The heart of Stone Town mostly consists of a maze of narrow alleys lined by houses, shops, bazaars and mosques. Since most streets are too narrow for cars, the town is crowded with bicycles and motorbikes. The seafront has wider streets and larger, more regularly placed buildings.
Stone Town’s architecture has a number of distinctive features, as a result of Arab, Persian, Indian, European, and African traditions mixing together. The name “Stone Town” comes from the ubiquitous use of coral stone as the main construction material; this stone gives the town a characteristic, reddish warm colour. Traditional buildings have a baraza, a long stone bench along the outside walls; this is used as an elevated sidewalk if heavy rains make the streets impracticable, or otherwise as benches to sit down, rest, socialize. Another key feature of most buildings is large verandas protected by carved wooden balustrades. The best-known feature of Zanzibari houses are the finely decorated wooden doors, with rich carvings and bas-reliefs, sometimes with big brass studs of Indian tradition. Two main types of doors can be distinguished: those of Indian style have rounded tops, while those in the Omani Arab style are rectangular.
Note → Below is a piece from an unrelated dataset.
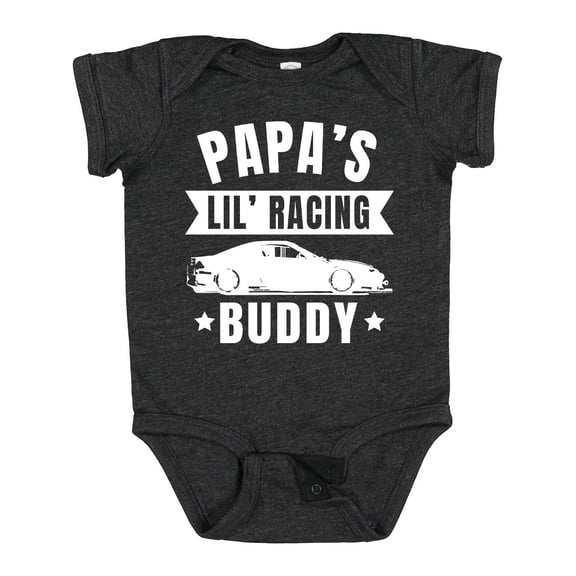 Inktastic Papas Lil Racing Buddy Boys or Girls Baby Bodysuit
Carvings are often Islamic in content (for example, many consist of verses of the Qur’an), but other symbolism is occasionally used, e.g., Indian lotus flowers as emblems of prosperity.
Stone Town is punctuated with major historical buildings, several of which are found on the seafront; these include former palaces of the sultans, fortifications, churches, mosques, and other institutional buildings.